Today's guest post on relationships comes to you courtesy of internet friend, LaurieBee. I appreciate her taking the time to share her story with me. After 33.5 years of marriage, including children, unexpected deaths, and more, she knows a thing or two about making a marriage work. Here's her story on how she met, and eventually fell in love with, her husband.
It was my "young and dumb" years. I left home when I was 18 and moved to Sacramento. I was not active in church and had no intention of changing that status. Bitterness on that end abounded. My testimony remained strong (and that is not an oxymoron -- most inactive members are inactive for other reasons, contrary to popular belief). Occasionally, when the desire to go to church would hit, I would slip into the back of the chapel late for Sacrament meeting, and then leave prior to closing prayer to be long gone before anyone noticed me -- or so I thought.
Danny noticed. In fact, Danny notices everything. He wasn't quick enough to catch me, but he managed to get my phone number from a friend of a friend of my roommate, who was a recent convert. He called, found a way to introduce himself, and asked me out. I'm not sure why I said yes, but I did.

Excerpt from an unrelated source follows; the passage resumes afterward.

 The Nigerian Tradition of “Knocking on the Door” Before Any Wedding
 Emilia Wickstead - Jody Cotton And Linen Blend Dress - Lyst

Our first date was less than perfect. As a matter of fact, it was awful. Danny had a very bad cold, and should have cancelled. Instead, he picked me up in his old rattletrap Plymouth. The passenger door was broken, so I had to crawl in on the driver's side. He apologized for driving with one contact lens because when he gets a cold, he gets cold sores in his eyes. He took me to see the movie "Earthquake." For the benefit of the younger generation, let me explain that when you see this movie on television, it is NOT the way we experienced it in the theater. There were special sound effects that made loud rumbling noises under your feet that made you feel like you were actually experiencing an earthquake. Danny had no way of knowing that I was born in the worst earthquake Nevada has ever seen, and I'm just superstitious enough to believe that there's a good possibility that with an entrance like that, my exit might just be as dramatic. I was terrified, and he was trying to be a gentleman (or maybe it was the cold), so he didn't even hold my hand.
The second stop on the date was Pizza & Pipes, where there was a real old time Wurlitzer organ salvaged from silent movie days with a live organist. I loved the place, and it remained our favorite pizza place until they finally went out of business when my kids were teenagers. In light of his cold, however, I sat on the opposite side of the table from him, as opposed to sitting next to him, an act which he still has yet to forgive me.
The entire evening, he talked about his ex-wife and his divorce (between nose blows) -- not smart. I went home and told my roommates that he was looking for a wife, and I was NOT interested -- especially since he had been married before, had a son, and was 12 years older than me. I refused to go out with him by avoiding his seemingly endless phone calls for the next eight months.
Eight months later, I walked into the back of the chapel late and exited early. He must have been wearing his running shoes. In order to get away from the church quickly, I agreed to let him call me.
The following Sunday afternoon, he called extremely excited, and his voice was very animated. He wanted to come to my apartment and show me the pictures that he had taken of his 3-year-old son at Sears. I let him come over. As he showed me the pictures of his son, two things happened. I didn't realize it at the time, but I fell in love with this man who so obviously loved this adorable tow-headed little boy. I also fell in love with the tow-headed boy before I ever met him. It would take many months (and many fights) before I would figure all that out, however. I finally figured it out the day a drunk driver hit him and totalled his new Datsun. I had injured my back and was working with a heating pad. When I got the call that he had been hit, I took off at a dead run and ran from my office at 7th and K Streets to the scene of the accident at 5th and P Streets. You can do the math. The next day, he was fine, but I was flat on my back in bed contemplating why in the heck I had done that.
The drama didn't end when I figured out I loved him, however. Danny and I had the stormiest courtship on record. As a matter of fact, we fought more the year before we were married than we have in the last 33 1/2 years of marriage. I gave the engagement ring back three times -- but that's a story for a future post.